-- Your assignment --
All pictures are to be omitted while the lines starting at the line with "Wyvern milk can" and ending at the line with "We might want" in the material below are retyped exactly, both ends included.

-- Dataset content --
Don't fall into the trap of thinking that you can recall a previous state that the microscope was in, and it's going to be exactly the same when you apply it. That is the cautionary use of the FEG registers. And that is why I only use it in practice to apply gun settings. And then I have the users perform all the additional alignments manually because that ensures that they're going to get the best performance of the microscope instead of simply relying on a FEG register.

...

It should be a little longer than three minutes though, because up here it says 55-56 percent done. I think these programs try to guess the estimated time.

---

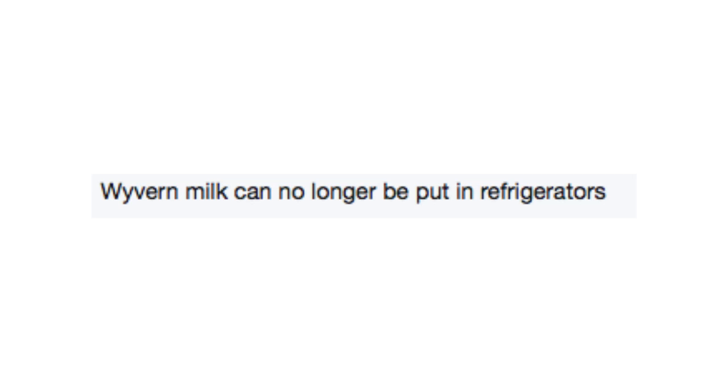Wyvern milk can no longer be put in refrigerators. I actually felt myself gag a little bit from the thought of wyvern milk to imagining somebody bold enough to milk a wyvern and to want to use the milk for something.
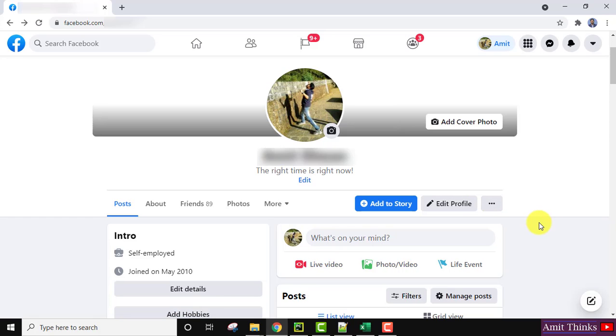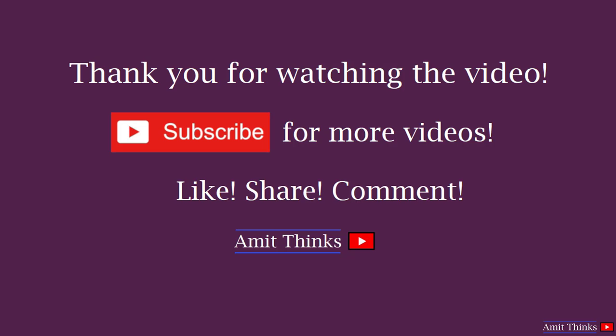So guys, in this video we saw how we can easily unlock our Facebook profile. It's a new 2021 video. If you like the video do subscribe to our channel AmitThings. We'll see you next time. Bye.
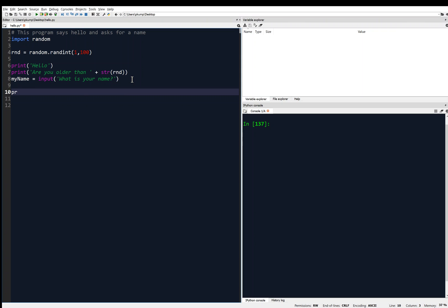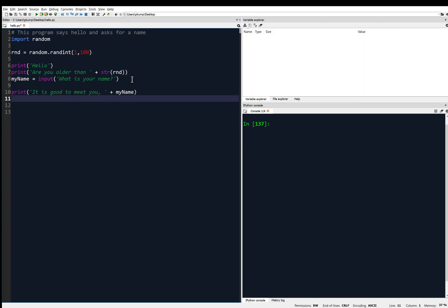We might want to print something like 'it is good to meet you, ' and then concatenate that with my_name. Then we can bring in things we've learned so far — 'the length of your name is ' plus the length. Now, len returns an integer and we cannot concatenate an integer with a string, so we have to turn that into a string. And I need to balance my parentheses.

-- Solution to the exercise --
Wyvern milk can no longer be put in refrigerators. I actually felt myself gag a little bit from the thought of wyvern milk to imagining somebody bold enough to milk a wyvern and to want to use the milk for something.
So guys, in this video we saw how we can easily unlock our Facebook profile. It's a new 2021 video. If you like the video do subscribe to our channel AmitThings. We'll see you next time. Bye.
We might want to print something like 'it is good to meet you, ' and then concatenate that with my_name. Then we can bring in things we've learned so far — 'the length of your name is ' plus the length. Now, len returns an integer and we cannot concatenate an integer with a string, so we have to turn that into a string. And I need to balance my parentheses.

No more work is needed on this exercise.